So stammten bei der letzten Bundestagswahl nur 12 Prozent
der SPD-Stimmen von Arbeitern
; bei der Union waren es 22, bei der AfD satte 38
Prozent. Die bei weitem größte Wählergruppe der Sozialdemokraten sind Rentner
und Rentnerinnen. “Bei Onkel Pö spielt ‘ne Rentnerband / Seit 20 Jahren
Dixieland”, sang einst Udo Lindenberg. Nachhaltig ist das nicht.

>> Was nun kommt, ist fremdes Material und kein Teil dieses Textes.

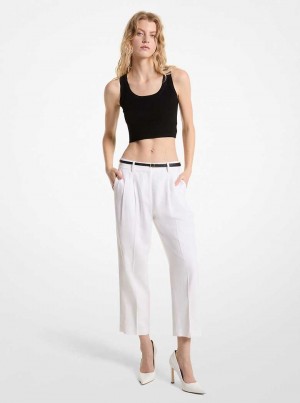 Michael Kors Pleated Linen Blend Białe | SN-MK26537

Nachhaltig ist es darum auch nicht, wie vor 20 Jahren auf
die Arbeitslosen einzudreschen und das hohe Lied der Leistung zu singen, die
sich wieder lohnen müsse – ganz davon abgesehen, dass FDP, Union und AfD das besser
können. Mit 6,3 Prozent ist die Arbeitslosenquote in Deutschland immer noch
niedrig im Vergleich zu 2005, als Angela Merkel bei ihrem Regierungsantritt mit
11,6 Prozent fertig werden musste. Bis 2019 war die Quote auf fünf Prozent
gesunken, und wenn sie seitdem leicht gestiegen ist, so hat das weniger mit
Arbeitsunwilligkeit und Sozialbetrug zu tun, als mit Putins Krieg und Trumps
Tarifen, der kurzsichtigen Energiepolitik deutscher Regierungen und der noch
kurzsichtigeren Exportpolitik deutscher Konzerne, von Corona und KI ganz zu
schweigen; von Faktoren also, die jenseits der Einflussmöglichkeiten deutscher
Arbeiterinnen und Arbeiter liegen, sie mögen noch so hart arbeiten.

Und wenn es auch stimmt, wie es Klingbeils Chef,
Bundeskanzler Friedrich Merz, dieser Tage gesagt hat, dass wir alle mehr
arbeiten müssen, so nicht deshalb, weil einige Sozialbetrüger auf der faulen
Haut liegen und das Bürgergeld allzu üppig fließt, sondern weil unsere
Infrastruktur marode ist, unsere Streitkräfte zu klein und zu schlecht
bewaffnet sind, die Rentner und Rentnerinnen aber immer mehr werden und auch bei
der Union die größte Wählergruppe stellen. Natürlich
hören sie Appelle zur Mehrarbeit und Tiraden gegen das Bürgergeld gern. Sie
sind davon ja nicht betroffen.

Was soll man also der SPD raten? Traditionell ist sie die
Partei des öffentlichen Diensts, genauer: der Sozialbürokratie. Darin liegt
auch ihr Problem; denn – kurz und böse formuliert – diese Bürokratie lebt davon, dass sie gebraucht wird. “Die Armen habt ihr allezeit bei euch”, sagte
Jesus von Nazareth, und das ist auch das Motto der Sozial- und Wohnungsämter, Jobcenter, Jugendhelfer.